Arguments pertinents
1. Non contestabilité de la créance : La Cour a noté que la créance invoquée par Provence TP n’était pas sérieusement contestable au sens de l’article R. 541-1 du code de justice administrative, ce qui est une condition préalable pour accorder une provision. Le jugement a mis en évidence l’incertitude concernant la responsabilité des retards dans l’exécution des travaux : « il ne ressort pas du dossier, en l'état de l'instruction, que ce retard soit exclusivement imputable à la société Provence TP ou à la commune de Plan-de-Cuques. »
2. Pénalités non établies : Le montant des éventuelles pénalités à l'encontre de Provence TP n'a pas été établi de manière certaine, ce qui a contribué à l’évaluation de la créance comme étant contestable.
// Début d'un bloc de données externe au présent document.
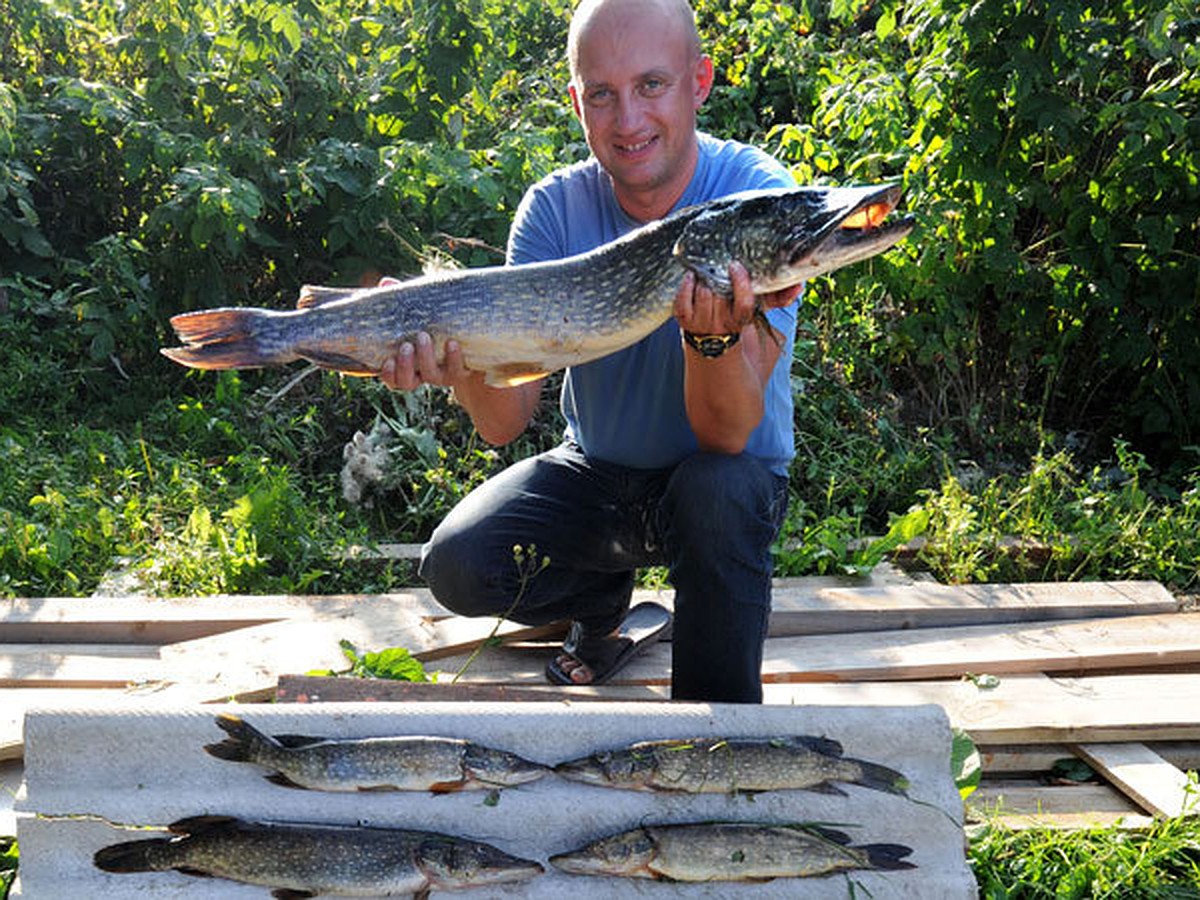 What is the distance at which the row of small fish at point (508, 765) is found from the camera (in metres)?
2.67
La décision souligne que « le montant des pénalités susceptibles d'être infligées à la société Provence TP n'est pas établi de façon certaine ».
Interprétations et citations légales
L’article R. 541-1 du Code de justice administrative est central dans cette décision. Ce texte stipule que « le juge des référés peut, même en l'absence d'une demande au fond, accorder une provision au créancier qui l'a saisi lorsque l'existence de l'obligation n'est pas sérieusement contestable ». Ce passage souligne le seuil de non contestation nécessaire pour que le juge puisse intervenir en référé et accorder une provision.
La décision rappelle le principe selon lequel la résiliation d'un contrat pour non-exécution doit être considérée avec prudence, particulièrement lorsqu'il existe des doutes sur la responsabilité des retards. Les juges ont pris en compte que la résiliation a été prononcée unilatéralement et que la preuve de la non-exécution incombe partiellement à la commune. Le raisonnement de la Cour s'appuie ainsi sur la nécessité de démontrer clairement que la créance est certaine, liquéfiée et non contestable pour bénéficier d'une provision.
En conclusion, la décision réaffirme l'importance de la clarté et de la certitude dans les créances pour les demandes de provision, et insiste sur l'examen minutieux des responsabilités dans les contrats publics, conformément aux règles instaurées par le Code de justice administrative.